Говоря об этой резне и о том, сколь привычна она была, мы можем сослаться на труд архиепископа Реймского, Ювенала де Юрсена (его «Послания» 1439 и 1440 годов). Прелат настаивает: подобные преступления были не только делом вражьих рук, но и «кое-кого из тех, кто именовал себя королем»; перед тем, как запасаться в деревне необходимой провизией, солдаты «хватали мужчин, женщин и маленьких детей, не разбирая ни пола, ни возраста, насилуя женщин и девочек; они убивали мужей и отцов в присутствии жен их и дочерей; они хватали кормилиц и оставляли грудных младенцев умирать, лишив их пропитания, они хватали беременных женщин, заковывали их в кандалы, и те разрешались от бремени прямо в кандалах, плод же их погибал некрещеным, затем они бросали женщин и детей в реку, хватали священников, иноков, церковных служек, работников, заковывали их различным способом и, истерзав таким образом, они их били, некоторые выживали, искалеченные, а кто-то лишался рассудка… Сажали… в темницу… в кандалы… оставляли… умирать с голоду в ямах, в мерзостных канавах, полных всякой нечисти. Многие умирали от этого. И одному Богу известно, каким мукам их подвергали! Одних поджаривали на огне; другим вырывали зубы, кого-то били тяжелыми палками и не отпускали до тех пор, пока они не отдавали столько денег, сколько и не было у них…».[16] Одного из капитанов Жиля де Рэ еще в 1439 году должны были повесить за подобные преступления. Известно, что после 1427 года у Жиля было, по-видимому, лишь несколько поводов поучаствовать самому в этих садистских вылазках; после первой кампании он сражался только дважды, сначала рядом с Жанной д'Арк, твердой противницей беззаконий; затем, в 1432 году, в Ланьи, где злодеяниям, вероятно, не было предела.

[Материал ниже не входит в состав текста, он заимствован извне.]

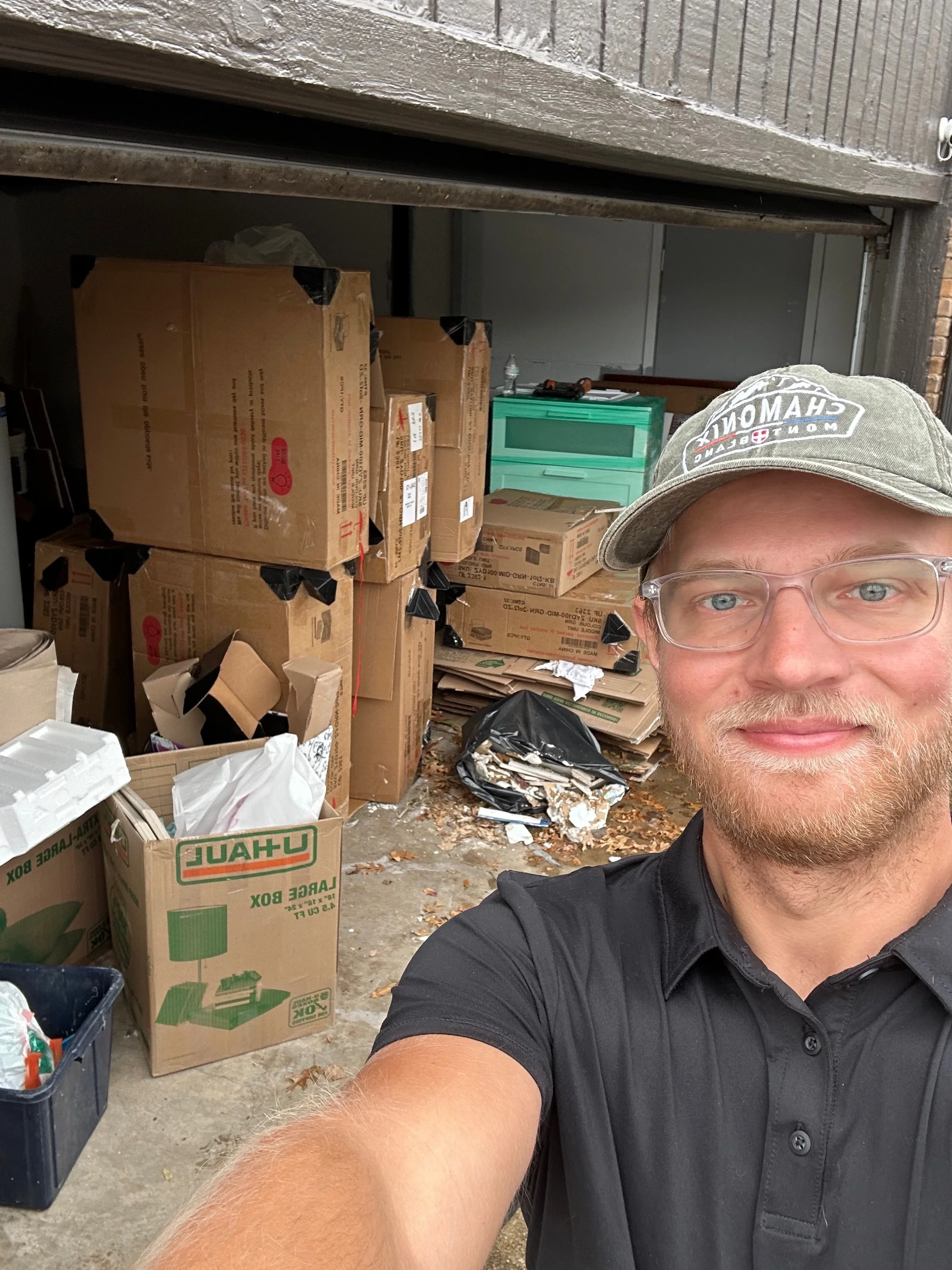 A man taking a selfie in front of a garage filled with cardboard boxes, paper, and trash, with a green storage container and tools visible in the background.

Впрочем, нет никаких доказательств того, что Жиль принимал участие в настоящей резне. Нам известно лишь, что в Люде он настаивал на повешении пленников французского происхождения, сражавшихся на стороне англичан и считавшихся изменниками родины. Возможно, другие капитаны, которые больше пеклись о деньгах, предпочли бы получить за них выкуп. Жиль и сам по-своему ценил деньги, однако ему не захотелось публично признавать это.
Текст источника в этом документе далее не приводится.